Connect to a SQL Cluster via Bastion Host

By default, SQL Clusters require that you connect from within your VPC. You can achieve this with a VPN or by connecting through a bastion host.

This guide provides a tutorial for creating a bastion host and using it to connect to a SQL Cluster.

Create a Bastion Host

A simple and secure way to access the SQL Cluster is to create a new AWS EC2 or Google Compute Engine instance within your VPC to serve as a bastion host. The bastion host is reachable outside of the VPC through SSH, and can be used a jump box to access the SQL Cluster from cloud tools or your local machine.

You can use a free tier instance type for the bastion host in most cases, as the machine will simply submit queries to the SQL Cluster for execution.

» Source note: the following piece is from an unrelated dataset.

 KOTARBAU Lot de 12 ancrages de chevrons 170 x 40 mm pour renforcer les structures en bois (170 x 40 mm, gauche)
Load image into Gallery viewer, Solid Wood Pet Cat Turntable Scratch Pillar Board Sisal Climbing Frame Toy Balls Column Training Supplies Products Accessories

A bastion host is not required, but can help streamline development. For example, you can use the bastion host to perform queries with SQL clients such as DbVisualizer or beeline on your local machine. The examples below show how the bastion host can route queries from cloud tools or local machines to the SQL Cluster, in addition to orchestration running within the VPC with MWAA (AWS) and Cloud Composer (GCP).

AWS Architecture Example

aws_sql_clients_arch

GCP Architecture Example

gcp_sql_clients_arch

Connect to the SQL Cluster Endpoint through the Bastion Host

You can connect to the SQL Cluster endpoint using the bastion host through a local terminal by running the following command:

ssh -N <user>@<bastion-host-address> -L 10000:<sql-cluster-endpoint>:10000

Here is an example:

ssh -N ec2-user@ec2-34-55-484-192.us-west-1.compute.amazonaws.com -L 10000:internal-a49857b390fb38479c49fd19405cd30-1293045812.us-west-1.elb.amazonaws.com:10000

After connecting to the bastion host, keep it running in your terminal. Now you can connect to your endpoint with any tool using localhost:10000.

Example with DbVisualizer:

Test Connection with beeline

beeline is a client for running Spark SQL queries on a Thrift Server via the command line with a JDBC connection.

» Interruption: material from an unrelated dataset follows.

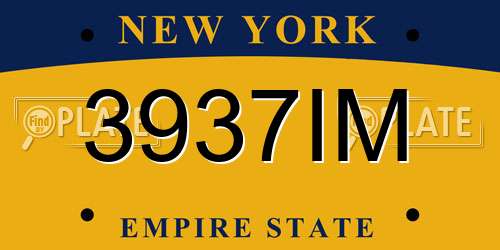 3937IM New York License Plate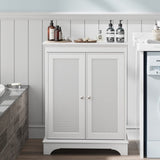 White two door rattan storage cabinet with adjustable partition, medieval modern independent buffet W1706P280678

  1. SSH into your bastion host (skip this if you are already connected to the bastion host in a local terminal)
  2. Download the beeline client included in the Spark 3.5.2 (with Hadoop3) distribution
  3. Find your SQL Cluster endpoint on the Cluster details page in the Onehouse console
  4. Use the beeline CLI for interactive queries with the following command (make sure to specify a database):
        $ beeline -u jdbc:hive2://<SQL-CLUSTER-ENDPOINT>:10000/<DATABASE-NAME>
    Here are some sample commands with the beeline CLI:
    1. Find an existing table in the Onehouse console or with SQL:
      $ show databases;
      $ use <database>;
      $ show tables;
    2. Query the existing table with beeline
      $ select * from <database>.<table>;
      beeline_query
  5. Use beeline to execute queries from a file on your bastion host using the following command (make sure to specify a database):
        $ beeline -u jdbc:hive2://<SQL-CLUSTER-ENDPOINT>:10000/<DATABASE-NAME> -f <SQL-FILEPATH-TO-EXECUTE>
    Note: For best performance, run beeline in interactive mode (step 4) to avoid new session startup time with each query.

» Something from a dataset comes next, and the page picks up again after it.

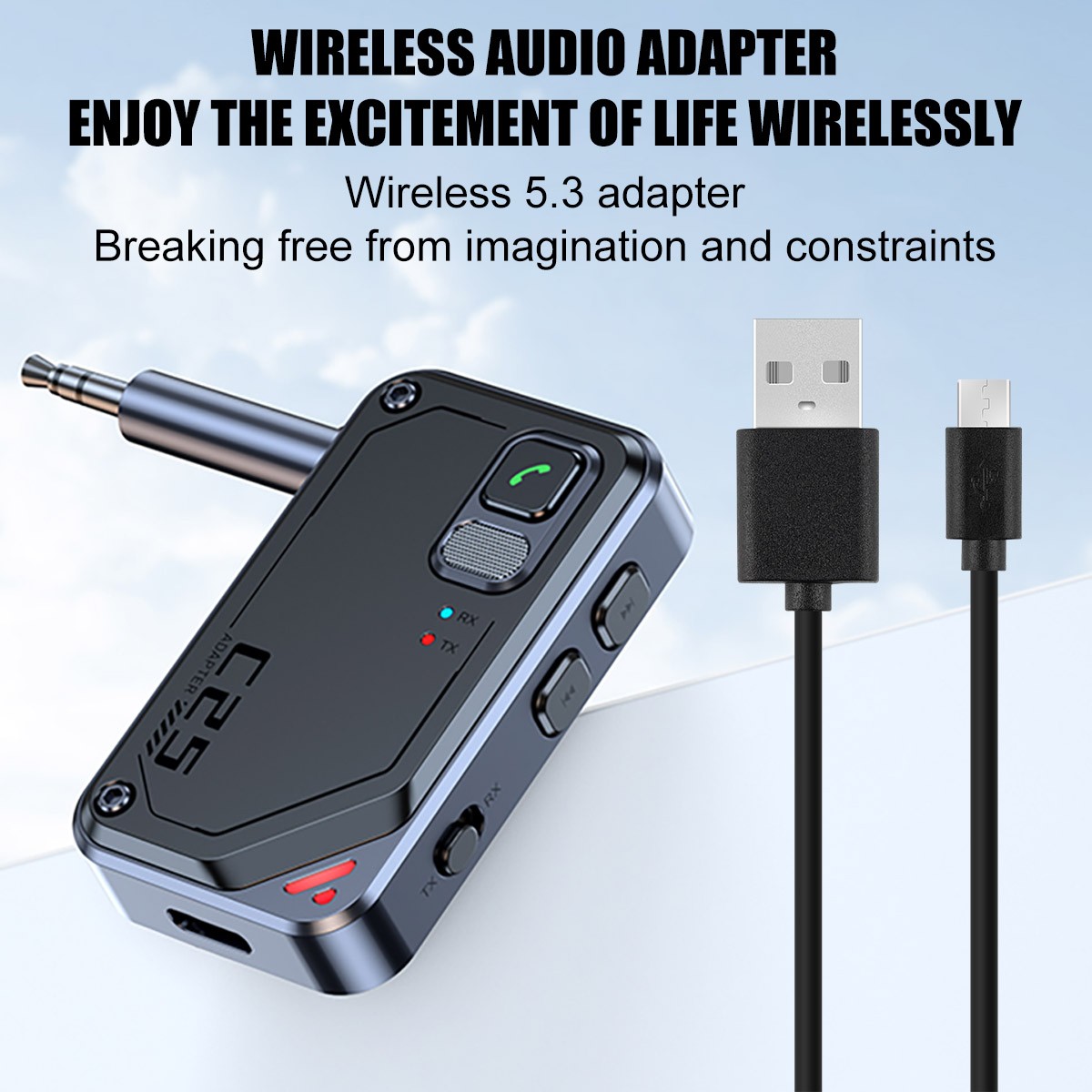 2 in 1 Wireless Bluetooth 5.0 Transmitter Receiver Adapter Audio 3.5mm Jack Aux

Example with Visual Studio Code

You can connect Visual Studio Code (VS Code) to the SQL Cluster from within your VPC. With VS Code, you can create and edit files in the VPC (eg. SQL queries or dbt models) and run commands via command line.

  1. Connect VS Code to your bastion host using SSH (see tutorial). You will need to install the Remote SSH VS Code plugin from Microsoft and create a configuration file with the credentials for your bastion host. remote_ssh
  2. After VS Code is connected to your bastion host, you will be able to connect to the SQL Cluster from within the VPC to run read/write queries (eg. with beeline) and dbt models.